*Exercise description:*
The required output is a verbatim transcription of the listing, pictures excluded.

*Task input:*
########################################
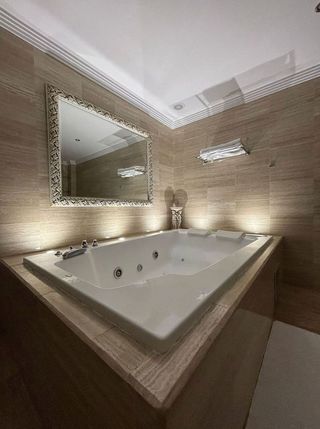 Chalet en alquiler en Elviria en Marbella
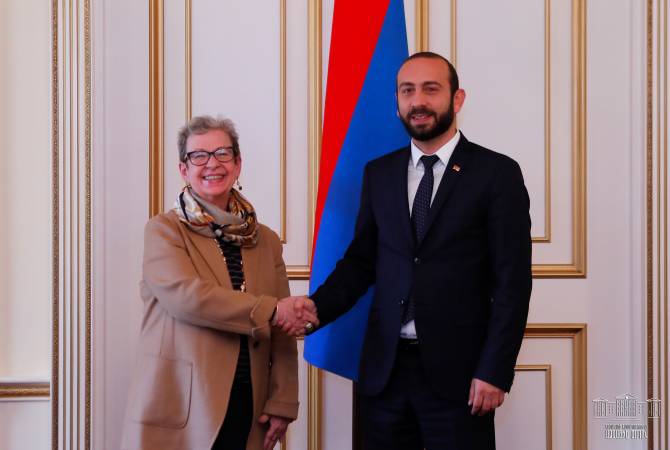  Председатель НС принял главу делегации ЕС в Армении 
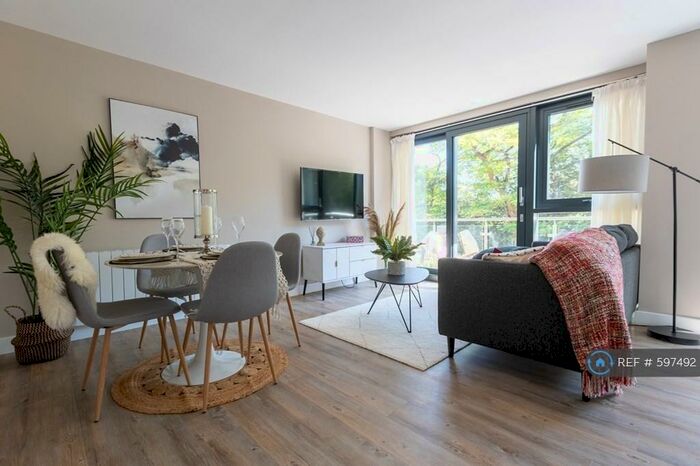 2 Bedroom Flat To Rent In The Glass House, Hull, HU1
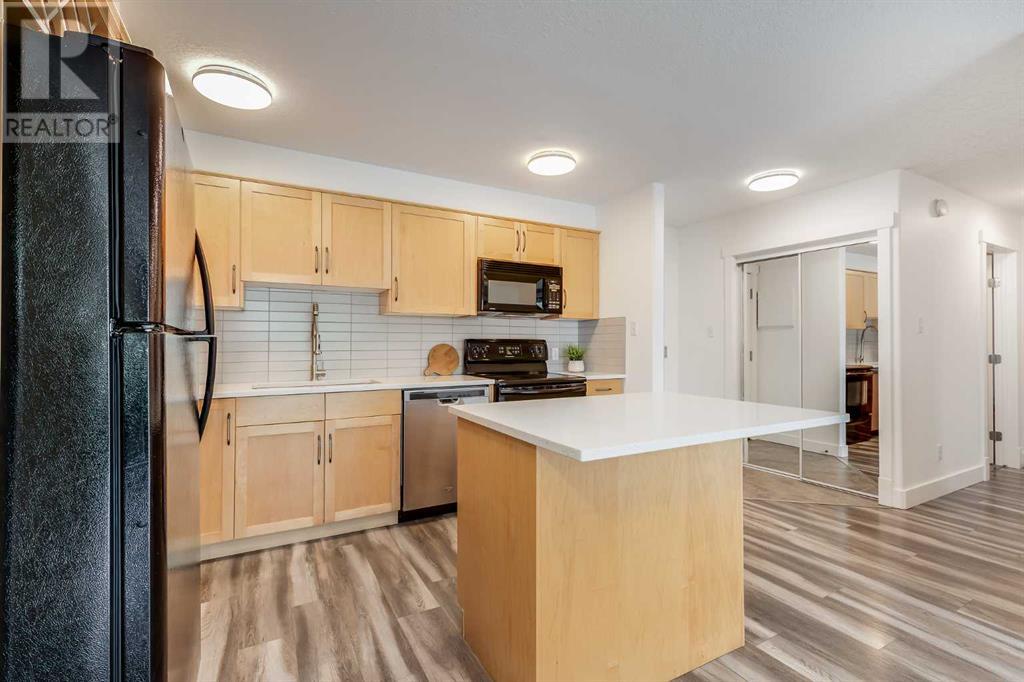 Single Family House for Sale in    Avenue NE Crescent Heights Calgary 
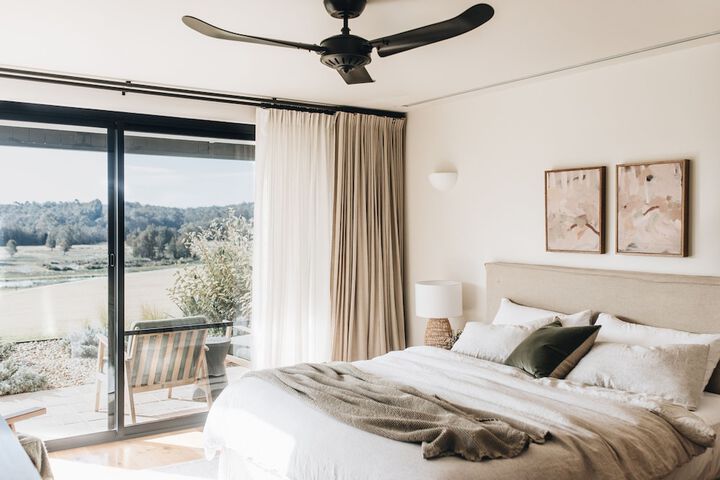 Room 27 of 120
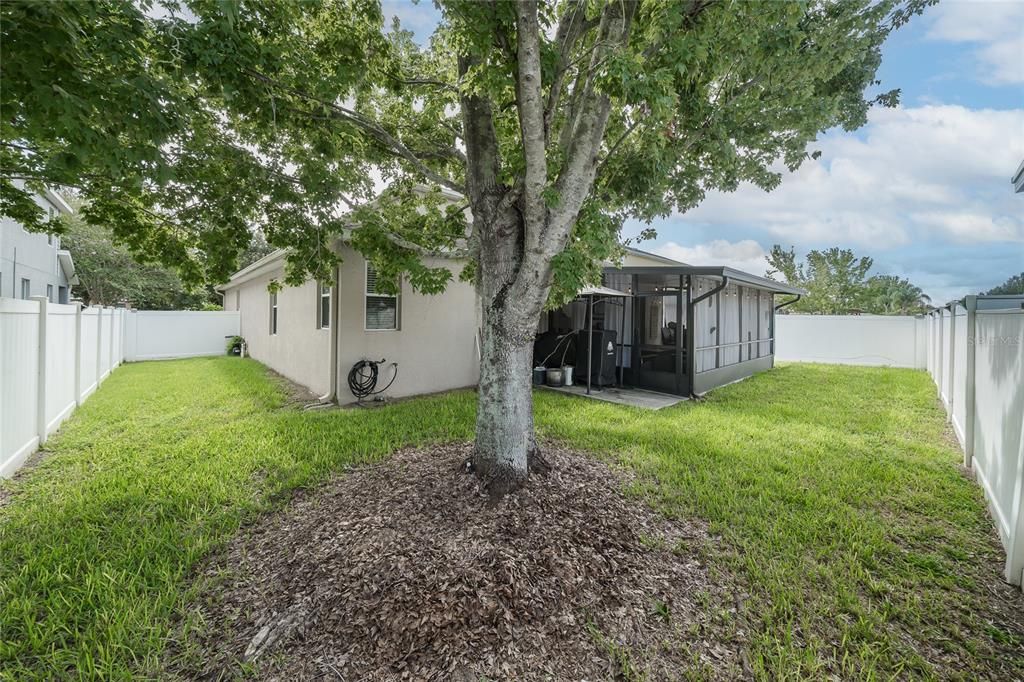 For Sale: $450,000 (4 beds, 3 baths, 2778 Square Feet)
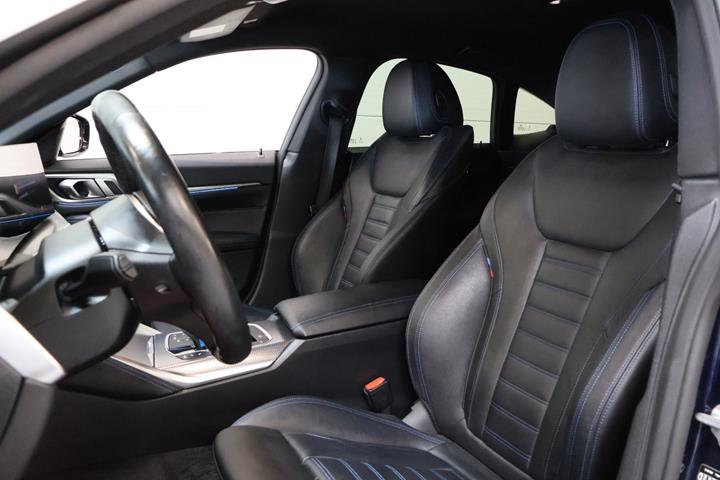 Blå BMW i4 fra 2022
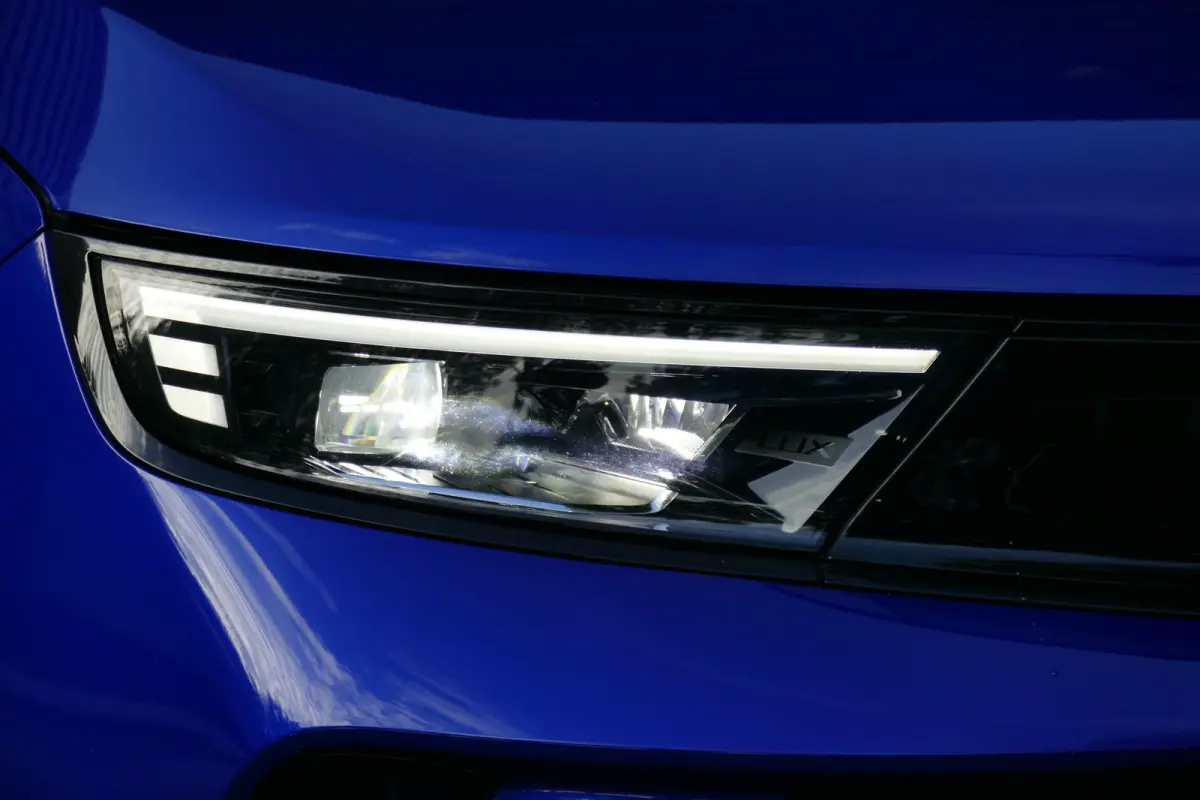 1.2 TURBO HYBRID GS AUTOMAAT / CAMERA / STUURVERWARMING / FULL-LED / KEYLESS / NAVI / CLIMA / PDC / BLUETOOTH / ADAPT. CRUISECONTROL / 1E EIGENAAR / SCHITTERENDE !!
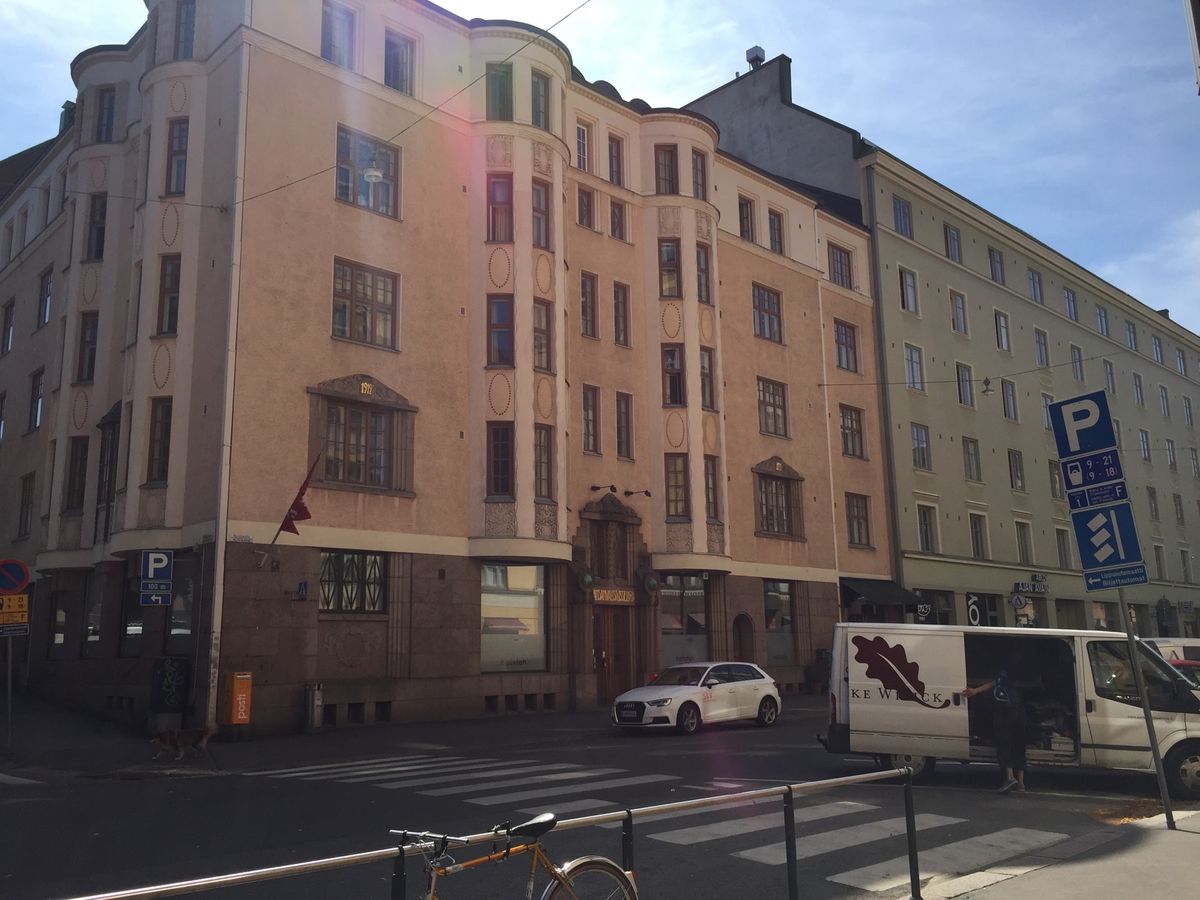 宿泊したアパートメントホテル。
築年数は古そうだけどレトロでいい感じでした！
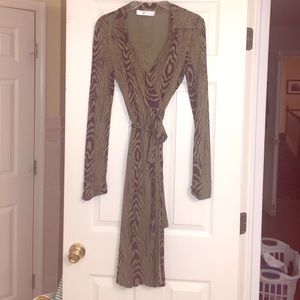 Vintage wrap dress. Brown and khaki green print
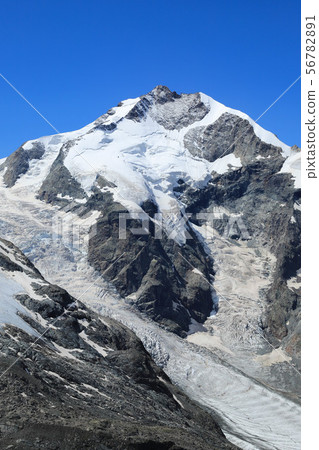 Diavolezza觀點的Pitz Bernina Morteratsch冰川 Diavolezza觀點的Pitz Bernina Morteratsch冰川 56782891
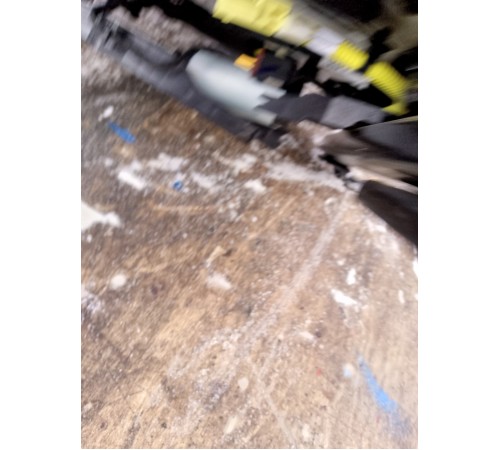 Сиденье переднее левое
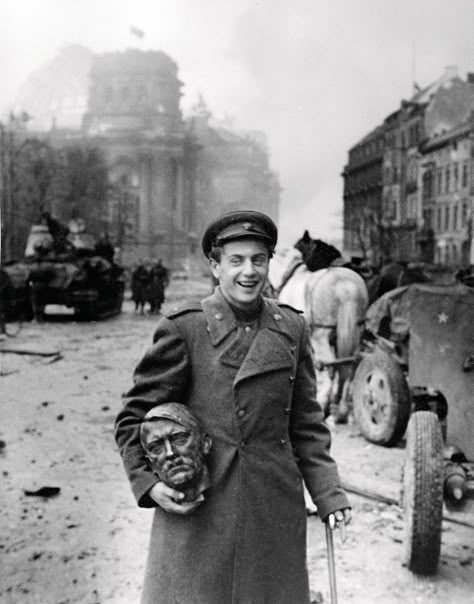 Battle Of Berlin, Soviet Soldier, Berlin 1945, Muhammed Ali, Ww2 Photos, German Soldiers Ww2, Military Artwork, Statue Art, History Images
########################################
*Finished exercise:*
 Chalet en alquiler en Elviria en Marbella
  Председатель НС принял главу делегации ЕС в Армении 
 2 Bedroom Flat To Rent In The Glass House, Hull, HU1
 Single Family House for Sale in    Avenue NE Crescent Heights Calgary 
 Room 27 of 120
 For Sale: $450,000 (4 beds, 3 baths, 2778 Square Feet)
 Blå BMW i4 fra 2022
 1.2 TURBO HYBRID GS AUTOMAAT / CAMERA / STUURVERWARMING / FULL-LED / KEYLESS / NAVI / CLIMA / PDC / BLUETOOTH / ADAPT. CRUISECONTROL / 1E EIGENAAR / SCHITTERENDE !!
 宿泊したアパートメントホテル。
築年数は古そうだけどレトロでいい感じでした！
 Vintage wrap dress. Brown and khaki green print
 Diavolezza觀點的Pitz Bernina Morteratsch冰川 Diavolezza觀點的Pitz Bernina Morteratsch冰川 56782891
 Сиденье переднее левое
 Battle Of Berlin, Soviet Soldier, Berlin 1945, Muhammed Ali, Ww2 Photos, German Soldiers Ww2, Military Artwork, Statue Art, History Images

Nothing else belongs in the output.